That is fucked up. There are only two solutions available at this time: Adopt the unwanted children, are prevent their existence. Abortion is a terrible solution. It is terrible that it even has to be done. But, it is far better than doing nothing. If you aren't adopting, and you are pro-life, then you are perpetuating a problem that will exist forever. 

To be pro-choice, and not adopt, basically puts a person into a category of epic immorality. It contributes to the suffering of countless generations of people. It contributes to the downfall of the nation. It contributes the raising healthcare cost. It contributes to the crime rate. It contributes to higher taxes. It contributes to child sex slavery. It contributes to drug addiction. Almost every major societal problem we have is made worse when children aren't taken care of. On top of it, the children suffer far more than society will. 

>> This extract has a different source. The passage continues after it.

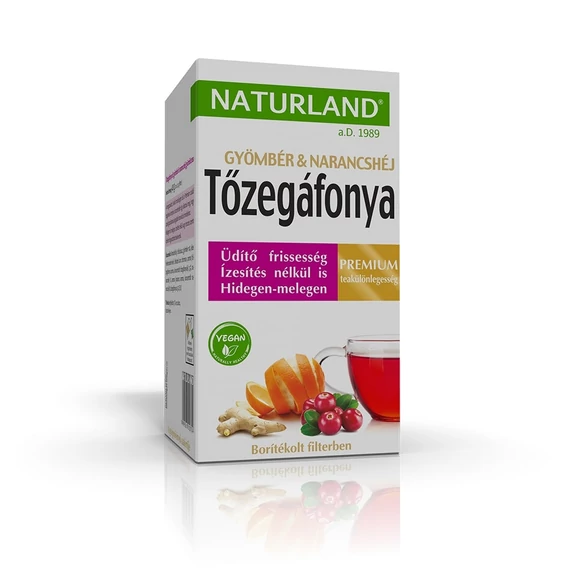 Naturland Gyümölcstea Tőzegáfonya-gyömbér narancshéj 20x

Adopt them, love them, and take care of them, or prevent them from being. Anything else is irresponsible.


----------



## bio-chem (Mar 15, 2013)

While in college I worked in a group home for at risk youth. Each of these kids had been taken from their families by the state because of bad family situations. We the staff were the primary care givers. It was a terrible system, with many flaws, and there was tons of things I wish i could change about that scenario. Despite all the negative associated with it, I couldn't imagine looking any one of those kids in the eye and telling them it would have been better for them and society to have never gotten the chance to draw breath. 

I've kept in contact with 3 of them, and of the 3, 2 now have a healthy normal life.


----------



## Swiper (Mar 15, 2013)

Zaphod said:


> You don't believe in abortion so don't get one.  I don't believe in restricting that option to someone else.  Talk about high and mighty.  Quit being a putz.

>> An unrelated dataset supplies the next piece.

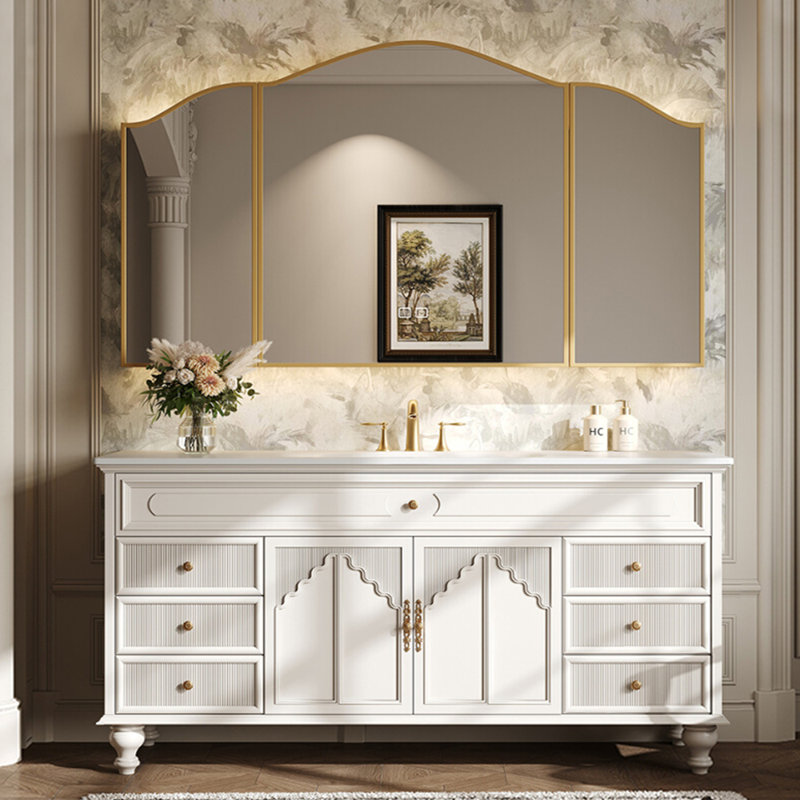 Meuble-lavabo de style rétro français, Blanc, H 33,5 po x l 70,9 po x P 21,7 po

lol coming from someone who won't state their  position on when life begins and wether you'll kill a 8-9 month baby in the womb.   you have no credibility on this issue.  why people even respond to a fool like you on this issue is beyond me.  stfu or answer the questions.


----------



## jay_steel (Mar 15, 2013)

I plan on adopting. We want two kids of our own and third one will be adopted. I told her I want to find a black kid so when he makes it to the NFL we can retire. No but serious though i do plan on adopting a child. A matter of a fact I would not have been born if it wasnt for adoption. My moms best friend was given up for adoption and when she went to go look for her real family she meet her brother who came down to meet her in CA and thats when my mom meet my dad.


----------



## KelJu (Mar 15, 2013)

You guys need to go adopt, then. Intentions aren't doing anything for the children that need a family now. You are demanding that these children exist, therefor the only moral coarse of action is caring for them.  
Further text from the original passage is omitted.